The hardest person to say goodbye to was my secretary, Joanne. She was there on day one and every day since then. She’s smart and funny and loyal, and I realized early on that she was a keeper — even though I moved from one office to another as I got more senior, I always made sure that Joanne and I stayed assigned to each other. When she came down to give me my last timesheet for review, I meant to tell her how much I’ve appreciated working with her — but then I started to get choked up and so I made her go out into the hall and take pictures with me instead.
|JJD and Joanne|
Good timing, too, because right then Lynn came back from lunch and we were able to get a shot of all three of us. Lynn is another secretary who has been there for me since the beginning. She and Joanne shared a suite for the first couple of years that I was at the firm, and now for the past year we’ve been down on the 6th floor together while Joanne stayed up on 7.
The farewell party was a lot of fun, and I was really touched by all the people who took time out of their busy days to stop by and see me before they went home (or back to their offices to keep working). The extrovert part of me loves parties like that, where I’m the center of attention and can chat with everyone in the crowd. The introvert part of me wishes I could just have a series of intimate one-on-one conversations with each of them.

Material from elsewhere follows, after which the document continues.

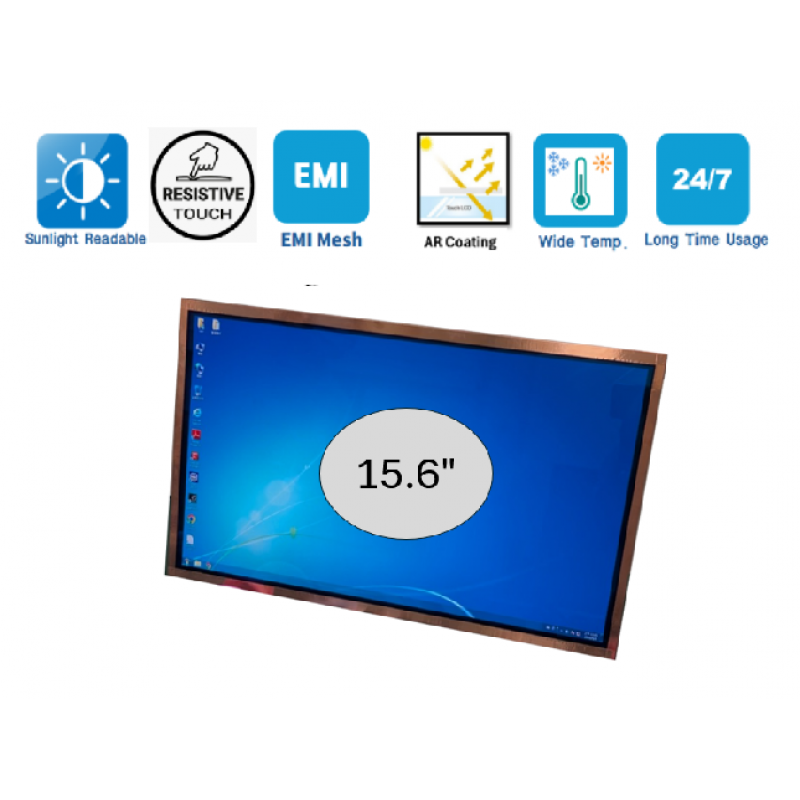 15.6 inch EMI and Touch LCD Module by SEC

By the time the party left and it was time to go back upstairs and gather my things out of my office, the melancholy of farewells had returned. Fortunately the people who knew me well had stuck around. Adina, who had organized the whole thing, stayed until the end and helped me close out with the restaurant. Then I went out for sushi with Jeff and he cheered me up by discussing such important topics as which guilty-pleasure TV shows were we watching (TeenWolf, Glee) and which Broadway musicals and/or Russian composers it was important to like and/or not to like in order to be thought cool by the cognoscenti (Phantom and Tchaikovsky, respectively).